Un uomo solo al comando. Incompreso. Anche perché: incomprensibile. Quando parla. Quando agisce, l´obiettivo è piuttosto chiaro: fare soldi. Zamparinic è un immigrato al contrario. Friulano, ha gestito il Venezia, ma quando ha capito che non avrebbe potuto costruire lo stadio si è trasferito a Palermo. Dove, ma pensa, vuol costruire lo stadio. Nell´attesa tira su centri commerciali. Quest´anno gli si è accesa la luce dell´Est e compra qualsiasic calciatoric gli capitic: Ilicic (nell´intervallo di una partita di Europa League), Bacinovic, Andelkovic. Alla prima buona prestazione proclama: «Ora vale il triplo!». In effetti è così. Il suo Palermo, va detto, ha un ottimo bilancio, perché poi lui rivende, incassa, ripiana. Certo, a vedere quel che è successo con Cavani (e prima ancora con Toni) l´affare vero lo fa chi compra. Quest´anno ha messo insieme un buon attacco (anzi «ottimissimo») e una difesa che va in nazionale (però «inguardabile»). Voleva la Champions «come minimo». Come massimo: la luna, non fosse, teme, «che ci è già arrivato Lotito».
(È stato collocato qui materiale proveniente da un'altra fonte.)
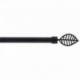 Kit tringle extensible 120 à 210cm LUANCE Embout Hugo Noir Mat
Appena esce fa un guaio: è andato dai bambini dello Zen e ha litigato con il collega del Palermo Rugby, facendosi querelare. È andato a Benevento e lo volevano arrestare. Va in tv e sbotta come Raimondo Vianello ma senza ironia: «Quelli giocano, e io pago!». Si sente emarginato: «Ho chiamato Nicchi, all´associazione arbitri: si è offeso», «Ho chiamato Beretta in lega: non mi ha risposto». Lo tradiscono anche i presagi: «Mi son svegliato di colpo, ho guardato la sveglia, eran le 3 e 33, ho capito che ne avremmo vinte tre di fila». In hoc signo vinces? Era solo notte fonda: ha perso con la Fiorentina. Si è incupito: lassù qualcuno non lo ama. Fermate il mondo, vuole scendere. Trattando con gli arabi ha scoperto che sono lenti, lentissimi: «Vanno al ritmo della natura, che non è stupido». Ma non rallenta, non può. Rozzi ci ha lasciato, Gaucci è espatriato (lui sì) a Santo Domingo con la badante giovane, Lotito, dopo l´allunaggio, tace. Con la giugulare in fiamme, a far da sponda a Biscardi è rimasto soltanto Zamparinic, prigioniero del ruolo. Non è pazzo. Dice di sé: «Anche Napoleone ha perso qualche battaglia».